** Recorded information **
----
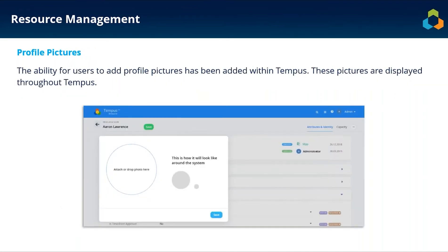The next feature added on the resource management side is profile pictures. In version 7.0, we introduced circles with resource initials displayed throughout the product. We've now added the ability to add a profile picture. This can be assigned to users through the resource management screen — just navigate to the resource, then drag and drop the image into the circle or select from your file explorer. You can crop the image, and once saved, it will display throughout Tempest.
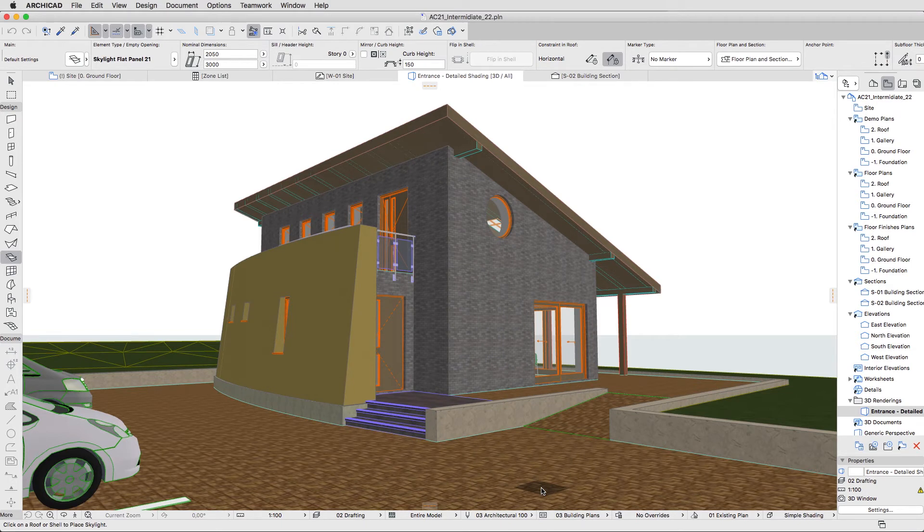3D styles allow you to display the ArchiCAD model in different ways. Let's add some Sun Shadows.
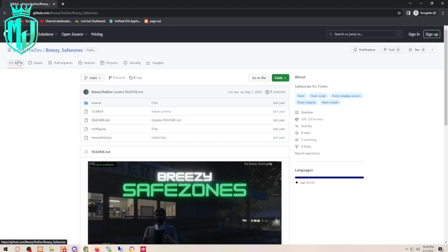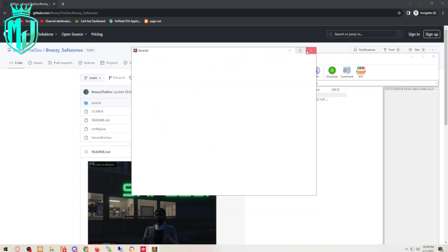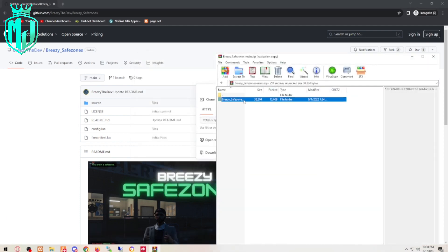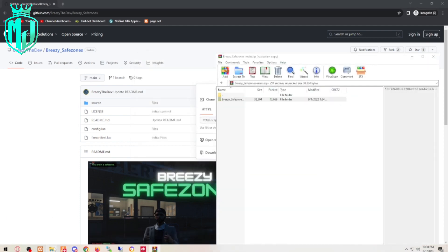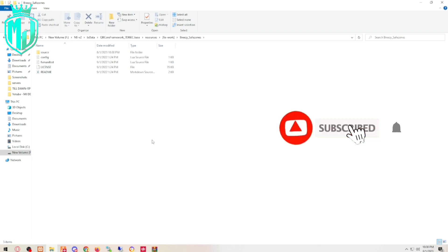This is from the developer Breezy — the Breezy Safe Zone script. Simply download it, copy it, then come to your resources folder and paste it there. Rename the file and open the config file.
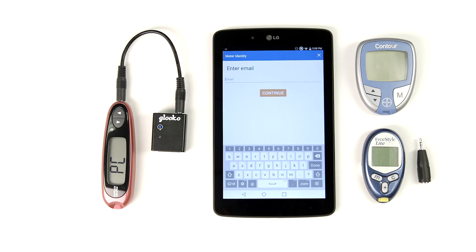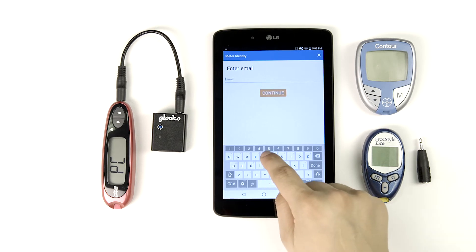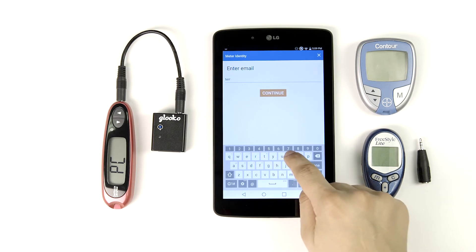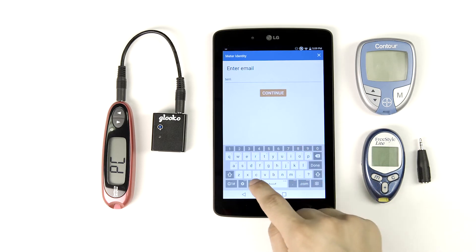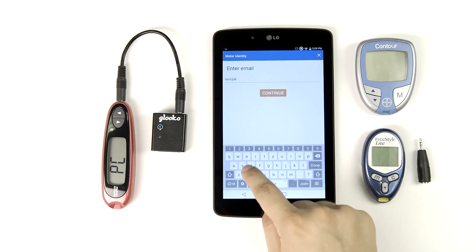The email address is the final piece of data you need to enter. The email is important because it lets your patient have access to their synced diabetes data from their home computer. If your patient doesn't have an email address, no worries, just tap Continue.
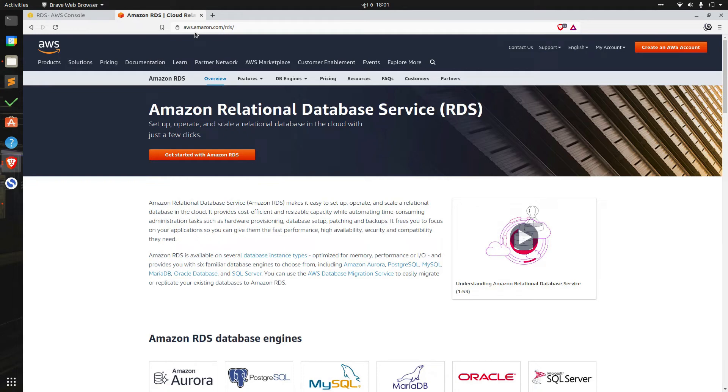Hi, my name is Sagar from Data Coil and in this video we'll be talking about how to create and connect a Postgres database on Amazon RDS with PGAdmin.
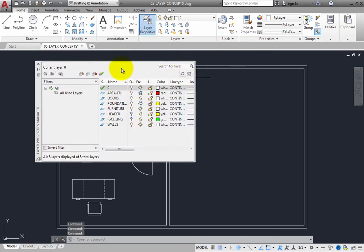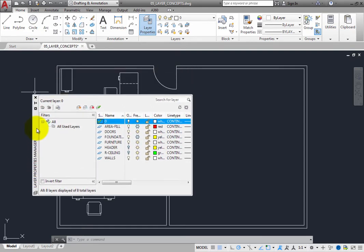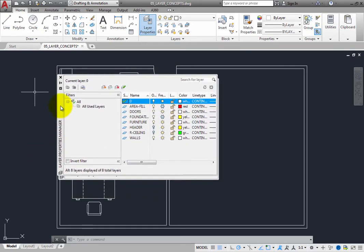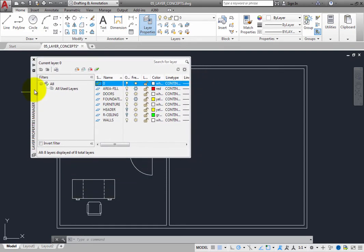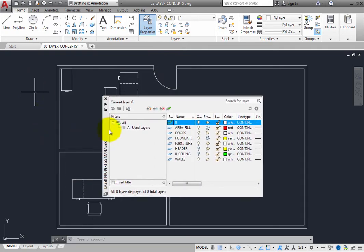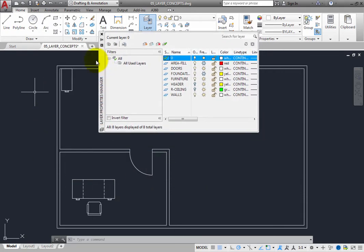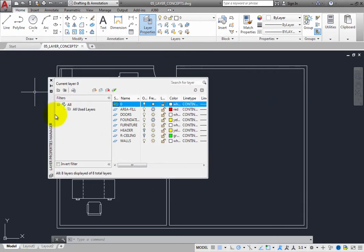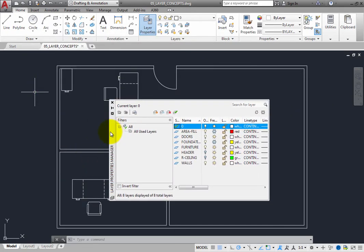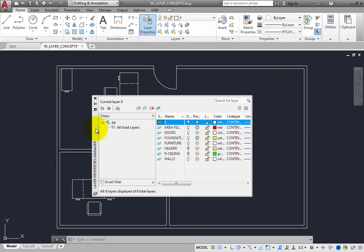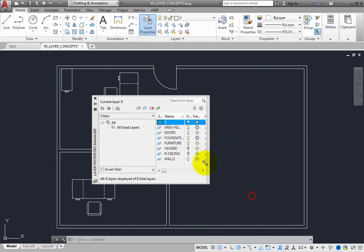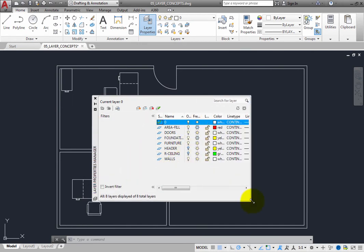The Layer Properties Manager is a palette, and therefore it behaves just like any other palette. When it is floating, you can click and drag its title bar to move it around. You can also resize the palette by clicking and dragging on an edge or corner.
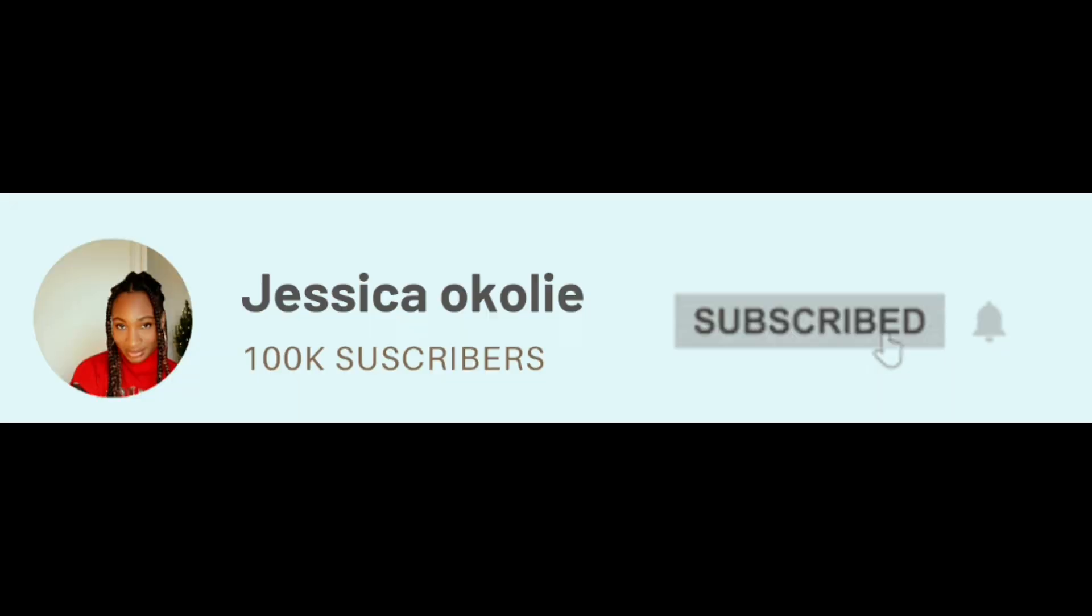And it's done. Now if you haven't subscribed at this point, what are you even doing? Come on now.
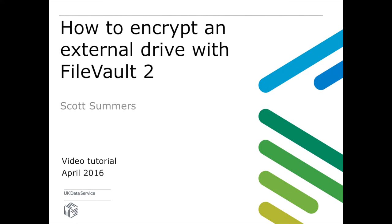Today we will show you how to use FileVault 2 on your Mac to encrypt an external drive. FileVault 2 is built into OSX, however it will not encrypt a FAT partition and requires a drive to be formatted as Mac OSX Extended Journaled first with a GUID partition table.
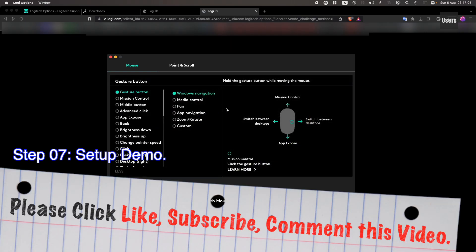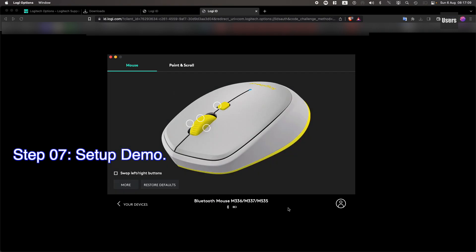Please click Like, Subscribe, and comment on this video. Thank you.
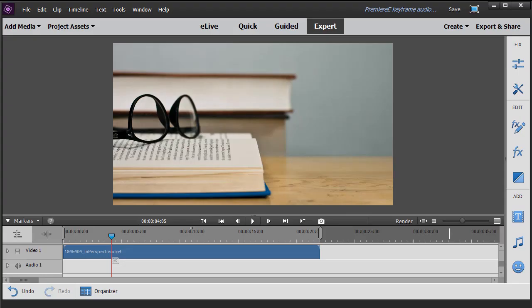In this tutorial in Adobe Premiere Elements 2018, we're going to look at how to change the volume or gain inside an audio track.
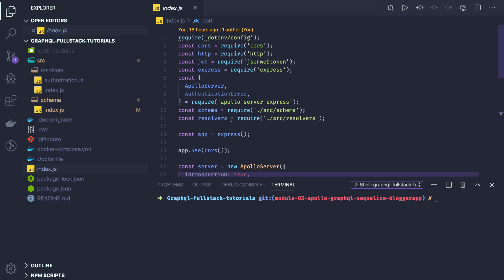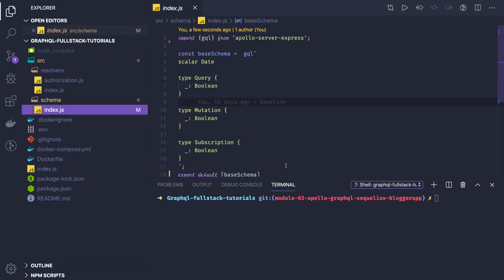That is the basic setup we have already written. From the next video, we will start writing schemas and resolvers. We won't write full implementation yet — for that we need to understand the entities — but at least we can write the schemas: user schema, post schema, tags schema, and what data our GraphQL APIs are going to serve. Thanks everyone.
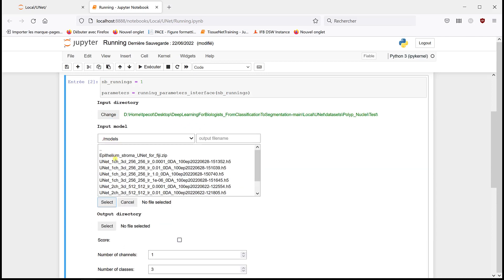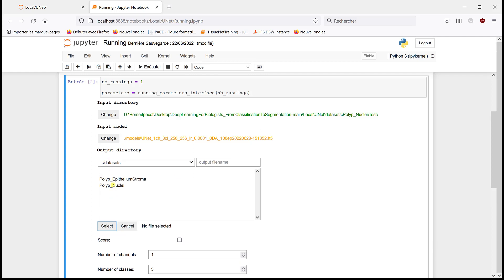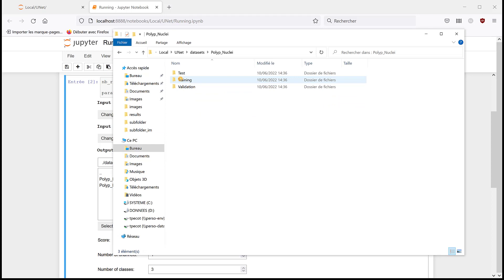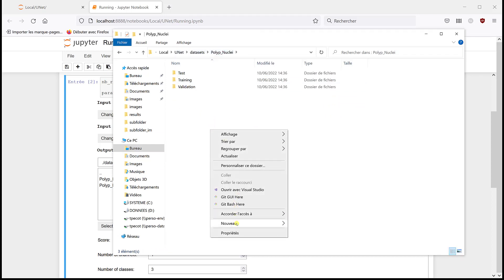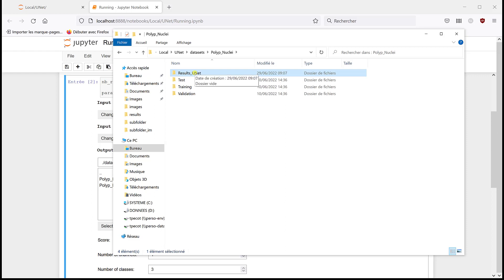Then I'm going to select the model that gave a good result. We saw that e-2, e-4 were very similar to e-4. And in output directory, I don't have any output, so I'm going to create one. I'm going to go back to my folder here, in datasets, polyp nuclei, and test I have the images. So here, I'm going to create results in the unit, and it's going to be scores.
----
** Exercise **
Work from the entries above. Set down exactly and only the lines from the line with "Today we will" to the line with "That is the", both included, and leave the pictures out.

** Solution to the problem **
Today we will show you how to use FileVault 2 on your Mac to encrypt an external drive. FileVault 2 is built into OSX, however it will not encrypt a FAT partition and requires a drive to be formatted as Mac OSX Extended Journaled first with a GUID partition table.
Please click Like, Subscribe, and comment on this video. Thank you.
In this tutorial in Adobe Premiere Elements 2018, we're going to look at how to change the volume or gain inside an audio track.
That is the basic setup we have already written. From the next video, we will start writing schemas and resolvers. We won't write full implementation yet — for that we need to understand the entities — but at least we can write the schemas: user schema, post schema, tags schema, and what data our GraphQL APIs are going to serve. Thanks everyone.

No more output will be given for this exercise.